Never heard of them. Where do you get them? Grocery store? Frozen?


----------



## 2PiRaNhA~2FuRrY (Nov 1, 2005)

I have try them before!...it ok. Raw shimp seem to work better for my piranha, and it bring out lots of color and it also can help your piranha get healthy.

Does the shrimp look like this?


----------



## rileybb (Feb 16, 2007)

yeah thats what they look like...mine love em they even go across they bottom getting every single last piece.....you get them at a pet store and yes they are frozen....they are way better then blood worms like 10x


----------



## Guest (Apr 9, 2007)

Yeah, mysis shrimp (_Mysis relicta_) are more nutritious than brine shrimp. They are meatier and have healthy fatty acids. I don't even bother buying brine shrimp anymore.

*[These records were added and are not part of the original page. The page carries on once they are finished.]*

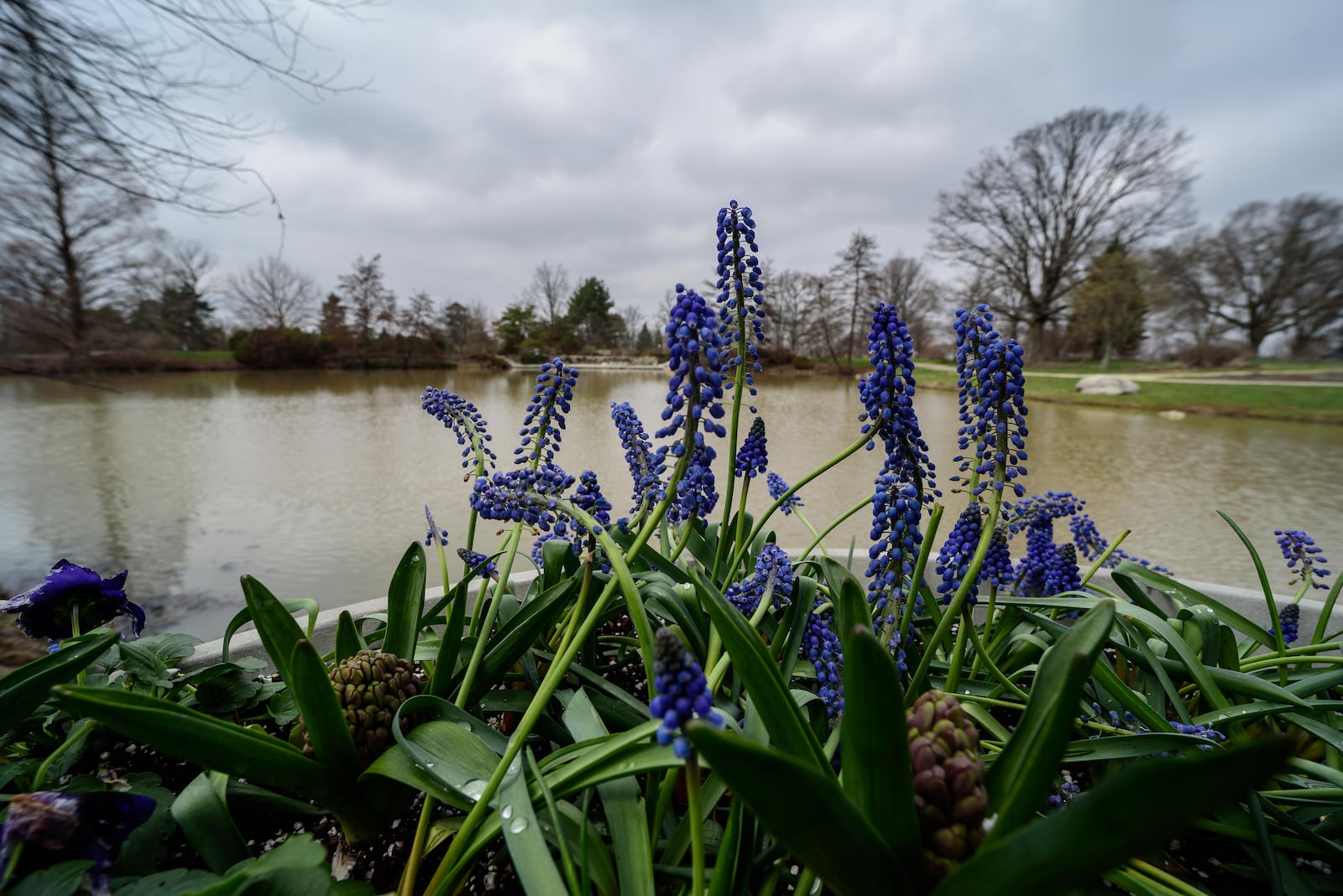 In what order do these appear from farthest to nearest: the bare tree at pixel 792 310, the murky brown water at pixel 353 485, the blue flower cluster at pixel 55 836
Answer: the bare tree at pixel 792 310 → the murky brown water at pixel 353 485 → the blue flower cluster at pixel 55 836

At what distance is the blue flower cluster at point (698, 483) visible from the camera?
68 cm

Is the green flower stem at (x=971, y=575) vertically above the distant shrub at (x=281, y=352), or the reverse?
the distant shrub at (x=281, y=352)

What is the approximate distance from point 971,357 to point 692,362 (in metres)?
0.45

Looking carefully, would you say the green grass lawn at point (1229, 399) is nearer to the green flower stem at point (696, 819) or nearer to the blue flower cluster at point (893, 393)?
the blue flower cluster at point (893, 393)

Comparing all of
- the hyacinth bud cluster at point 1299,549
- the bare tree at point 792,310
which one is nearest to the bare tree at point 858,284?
the bare tree at point 792,310

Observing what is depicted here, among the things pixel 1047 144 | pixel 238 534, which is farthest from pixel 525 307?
pixel 238 534

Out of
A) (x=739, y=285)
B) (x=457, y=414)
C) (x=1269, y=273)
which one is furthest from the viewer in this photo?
(x=1269, y=273)

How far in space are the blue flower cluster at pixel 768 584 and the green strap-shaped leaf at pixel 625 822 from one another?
Result: 27 centimetres

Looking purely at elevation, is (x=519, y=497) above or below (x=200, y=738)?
above

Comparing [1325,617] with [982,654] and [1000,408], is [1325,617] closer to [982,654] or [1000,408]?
[982,654]

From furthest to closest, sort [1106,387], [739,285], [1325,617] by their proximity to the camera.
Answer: [1106,387]
[1325,617]
[739,285]

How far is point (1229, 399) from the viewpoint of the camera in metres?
9.41

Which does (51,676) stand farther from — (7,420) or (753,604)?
(7,420)

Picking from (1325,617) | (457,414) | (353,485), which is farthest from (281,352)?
(1325,617) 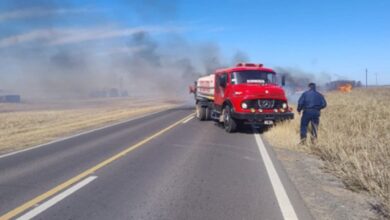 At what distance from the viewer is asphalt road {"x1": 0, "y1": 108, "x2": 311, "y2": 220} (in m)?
5.88

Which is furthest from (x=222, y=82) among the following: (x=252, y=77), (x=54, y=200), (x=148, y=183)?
(x=54, y=200)

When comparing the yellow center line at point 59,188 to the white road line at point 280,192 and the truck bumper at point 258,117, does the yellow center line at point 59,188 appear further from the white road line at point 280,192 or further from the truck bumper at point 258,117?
the truck bumper at point 258,117

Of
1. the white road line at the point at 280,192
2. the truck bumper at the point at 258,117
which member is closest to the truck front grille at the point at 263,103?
the truck bumper at the point at 258,117

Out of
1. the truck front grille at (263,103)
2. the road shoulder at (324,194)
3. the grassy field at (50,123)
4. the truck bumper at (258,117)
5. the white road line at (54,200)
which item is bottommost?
the grassy field at (50,123)

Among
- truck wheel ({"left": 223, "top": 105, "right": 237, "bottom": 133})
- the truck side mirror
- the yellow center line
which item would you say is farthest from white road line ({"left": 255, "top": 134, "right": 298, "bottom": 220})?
the truck side mirror

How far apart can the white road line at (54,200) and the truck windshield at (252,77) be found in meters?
10.1

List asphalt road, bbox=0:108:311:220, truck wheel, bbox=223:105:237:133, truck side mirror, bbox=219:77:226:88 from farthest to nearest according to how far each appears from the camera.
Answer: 1. truck side mirror, bbox=219:77:226:88
2. truck wheel, bbox=223:105:237:133
3. asphalt road, bbox=0:108:311:220

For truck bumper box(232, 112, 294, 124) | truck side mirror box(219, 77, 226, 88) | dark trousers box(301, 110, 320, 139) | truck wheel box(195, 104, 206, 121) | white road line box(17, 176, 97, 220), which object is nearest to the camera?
white road line box(17, 176, 97, 220)

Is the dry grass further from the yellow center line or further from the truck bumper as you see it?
the yellow center line

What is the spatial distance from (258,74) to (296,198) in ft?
37.4

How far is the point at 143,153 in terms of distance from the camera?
440 inches

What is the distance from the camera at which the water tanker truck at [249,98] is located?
15.9 meters

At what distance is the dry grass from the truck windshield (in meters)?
1.99

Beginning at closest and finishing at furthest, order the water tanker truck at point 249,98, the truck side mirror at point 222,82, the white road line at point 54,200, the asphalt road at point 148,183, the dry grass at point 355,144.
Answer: the white road line at point 54,200
the asphalt road at point 148,183
the dry grass at point 355,144
the water tanker truck at point 249,98
the truck side mirror at point 222,82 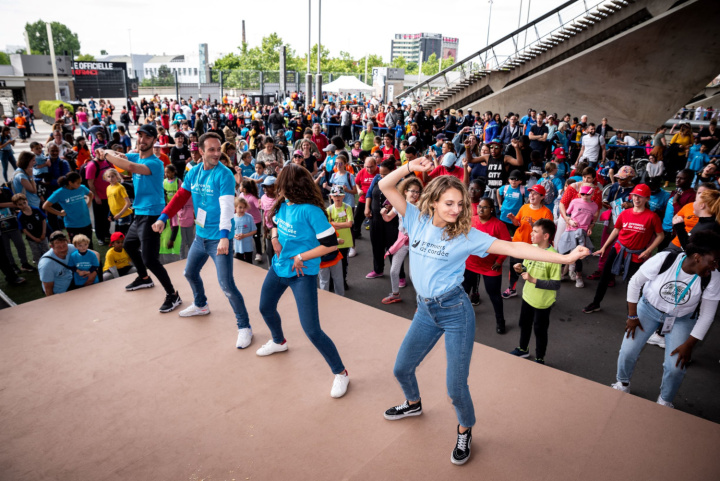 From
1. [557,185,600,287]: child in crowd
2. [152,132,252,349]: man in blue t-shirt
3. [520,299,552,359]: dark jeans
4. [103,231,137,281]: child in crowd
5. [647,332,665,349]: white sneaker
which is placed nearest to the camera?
[152,132,252,349]: man in blue t-shirt

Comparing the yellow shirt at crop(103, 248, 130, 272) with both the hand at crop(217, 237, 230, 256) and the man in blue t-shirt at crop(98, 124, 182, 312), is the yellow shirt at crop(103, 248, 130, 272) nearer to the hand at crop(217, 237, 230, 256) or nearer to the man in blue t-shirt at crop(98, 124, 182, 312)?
the man in blue t-shirt at crop(98, 124, 182, 312)

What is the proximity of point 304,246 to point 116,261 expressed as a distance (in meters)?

the only trouble is, they are so small, they are only useful for feeding very small fish. I would think it would be too messy to try and feed large fish frozen cubes of tiny shrimp.


----------



## Piranha_man (Jan 29, 2005)

I fed my baby reds a pretty steady diet of this until they were about an inch and a half long.
They loved it.


----------



## rocker (Aug 12, 2005)

Bullsnake said:


> Yeah, mysis shrimp (_Mysis relicta_) are more nutritious than brine shrimp. They are meatier and have healthy fatty acids. I don't even bother buying brine shrimp anymore.
> 
> the only trouble is, they are so small, they are only useful for feeding very small fish. I would think it would be too messy to try and feed large fish frozen cubes of tiny shrimp.


I agree. I can only see someone using this on bigger fish as an ingrediant to a food DIY.

If u have bigger piranhas from 2-5 inches you could use these krill flats. The kril are all almost an inch long. Which is like feeding mini shrimps whole.


----------



## PaNo617 (Jan 31, 2005)

My 2" elong loves mysis shrimp. I couldn't get him to even touch brine shrimp. It's good for them now that their real small, until they get bigger.


----------